Publishing date: September 2020

Journal Club manager: Marta Pazos


Author(s): Henry Marshall (1), Sean Mullany (2), Ayub Qassim (2), Mark Hassall (2), Owen Siggs (2), Bronwyn Ridge (2), Thi Nguyen (2), Mona Awadalla (2), Nick Andrew (3), Paul Healey (4), Ashish Agar (5), Anna Galanopoulos (6), Alex Hewitt (7), Stuart Macgregor (8), Stuart Graham (9), Richard Mills (2), John Landers (2), Robert Casson (10), Jamie Craig (2)
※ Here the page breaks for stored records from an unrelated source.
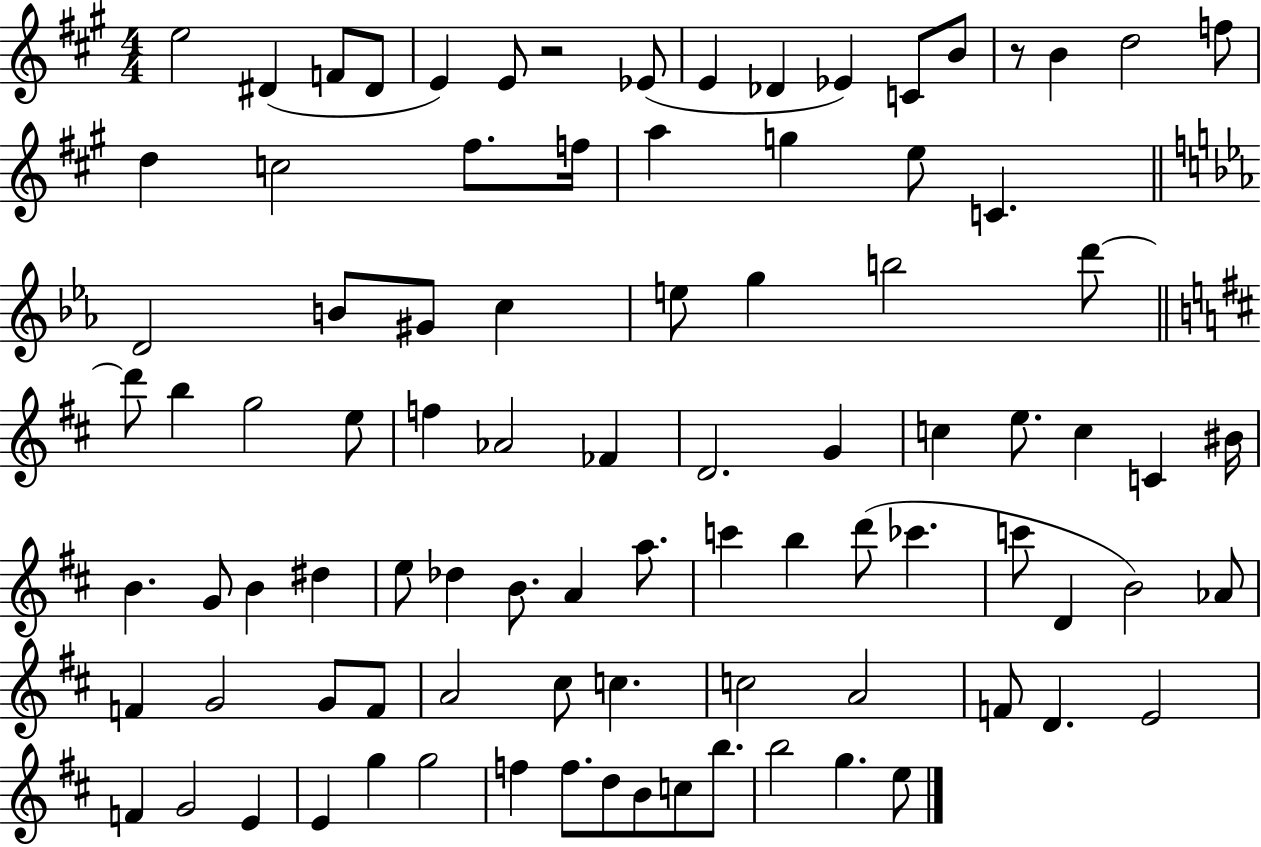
X:1
T:Untitled
M:4/4
L:1/4
K:A
e2 ^D F/2 ^D/2 E E/2 z2 _E/2 E _D _E C/2 B/2 z/2 B d2 f/2 d c2 ^f/2 f/4 a g e/2 C D2 B/2 ^G/2 c e/2 g b2 d'/2 d'/2 b g2 e/2 f _A2 _F D2 G c e/2 c C ^B/4 B G/2 B ^d e/2 _d B/2 A a/2 c' b d'/2 _c' c'/2 D B2 _A/2 F G2 G/2 F/2 A2 ^c/2 c c2 A2 F/2 D E2 F G2 E E g g2 f f/2 d/2 B/2 c/2 b/2 b2 g e/2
1 Department of Ophthalmology, Flinders University, Adelaide, South Australia, Australia. Electronic address: h.n.marshall@outlook.com.
2 Flinders University.
3 University of Adelaide, Adelaide, South Australia.
4 University of Sydney, Sydney, Australia.
5 University of New South Wales, New South Wales, Sydney, Australia.
6 University of Adelaide.
7 University of Tasmania, Tasmania, Australia.
8 QIMR Berghofer Medical Research Institute, Herston, Brisbane, Australia.
9 Macquarie University, Sydney, Australia.
10 The University of Adelaide.

PURPOSE: To investigate the association between cardiovascular disease and baseline structural defects and longitudinal disease progression in glaucoma.
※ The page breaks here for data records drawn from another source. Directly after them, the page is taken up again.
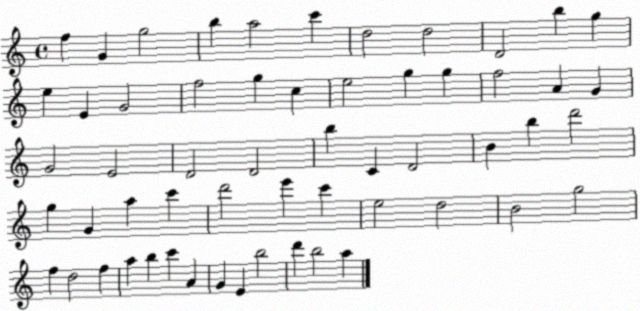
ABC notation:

X:1
T:Untitled
M:4/4
L:1/4
K:C
f G g2 b a2 c' d2 d2 D2 b g e E G2 f2 g c e2 g g f2 A G G2 E2 D2 D2 b C D2 B b d'2 g G a c' d'2 e' c' e2 d2 B2 g2 f d2 f a b c' A G E b2 d' b2 a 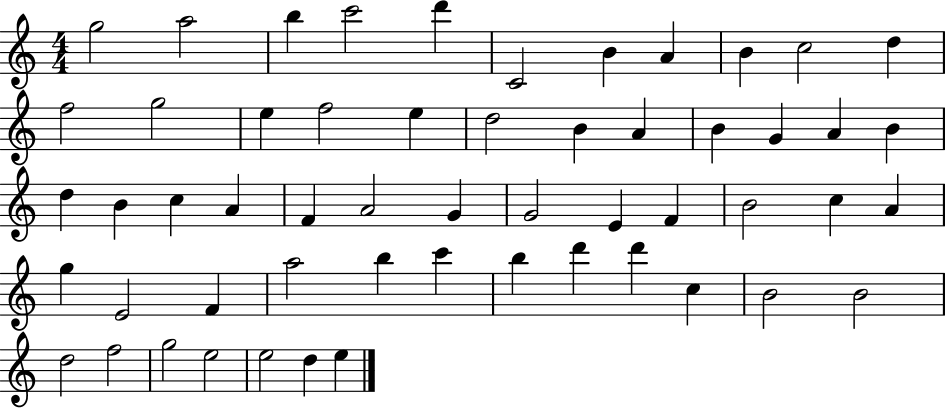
X:1
T:Untitled
M:4/4
L:1/4
K:C
g2 a2 b c'2 d' C2 B A B c2 d f2 g2 e f2 e d2 B A B G A B d B c A F A2 G G2 E F B2 c A g E2 F a2 b c' b d' d' c B2 B2 d2 f2 g2 e2 e2 d e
DESIGN: Prospective longitudinal cohort study of pre-perimetric and perimetric glaucoma.

PARTICIPANTS: 2628 eyes from 1314 participants recruited to the Progression Risk of Glaucoma: RElevant SNPs with Significant Association (PROGRESSA) study were evaluated for baseline and longitudinal structural thinning on Spectral Domain Optical Coherence Tomography (SD-OCT), and visual field progression on Humphrey Visual Field (HVF) assessment.
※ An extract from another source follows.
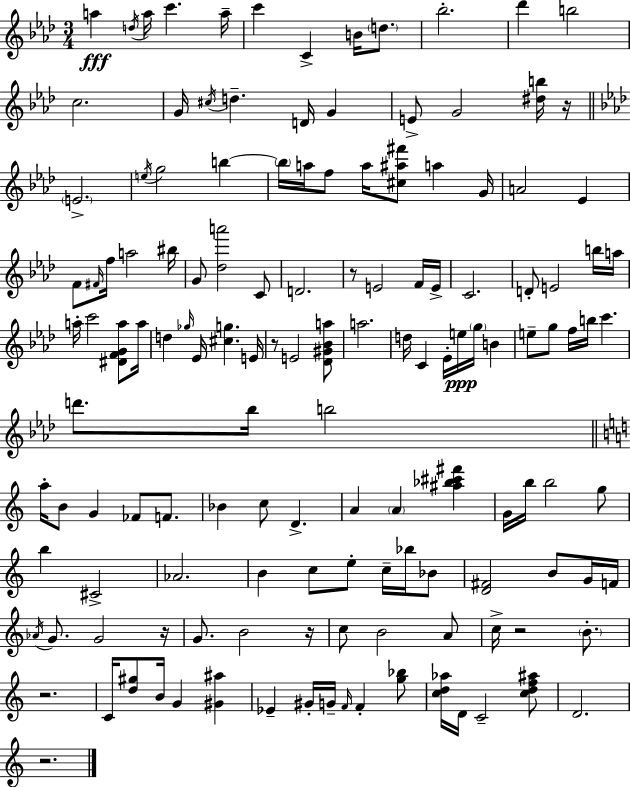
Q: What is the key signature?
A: AES major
METHODS: Patients were classified as showing predominantly mGCIPL, predominantly pRNFL or equivalent mGCIPL and pRNFL structural change at study enrolment. The cardiovascular disease and medication characteristics of these study groups were compared to a reference group of stable patients. Subsequent analysis assessed the association between cardiovascular characteristics and longitudinal SD-OCT or HVF progression.

OUTCOME MEASURES: Baseline and longitudinal SD-OCT and HVF progression.

RESULTS: After accounting for age and cardiovascular characteristics, patients with predominantly mGCIPL thinning at baseline had a higher prevalence of hypertension (OR: 2.70; 95% CI: [1.66, 4.41]; P<0.001), antihypertensive use (OR: 2.03; 95% CI: [1.20, 3.46]; P=0.008), and statin use (OR: 1.98, 95% CI:[ 1.07, 3.66]; P=0.029) than reference patients. Patients with predominantly pRNFL thinning did not exhibit a higher prevalence of cardiovascular disease or medications than reference patients. Review of longitudinal SD-OCT and HVF data (mean follow-up: 5.34±1.29years) showed that systemic hypertension was associated with an increased risk of SD-OCT progression (OR: 1.79; 95% CI: [1.17, 2.75]; P=0.006) and HVF progression (OR: 1.92; 95% CI: [1.18, 3.15]; P=0.013). The presence of antihypertensive treatment was associated with an increased risk of SD-OCT progression (OR: 1.83; 95%CI: [1.19,2.08]; P=0.005), and HVF conversion (OR: 1.91; 95%CI: [1.16,3.13]; P=0.010). A 1 standard deviation (∼21mmHg) increase in systolic blood pressure at baseline was associated with a greater risk of SD-OCT progression (OR: 1.27; [1.01,1.63]; P=0.041) and greater risk of HVF progression (BP OR: 1.32; 95%CI: [1.01,1.73]; P=0.043). The association between systolic blood pressure and structural progression was comparable to that observed between IOP and structural progression (OR: 1.30; 95%CI: [1.01,1.67]; P=0.039).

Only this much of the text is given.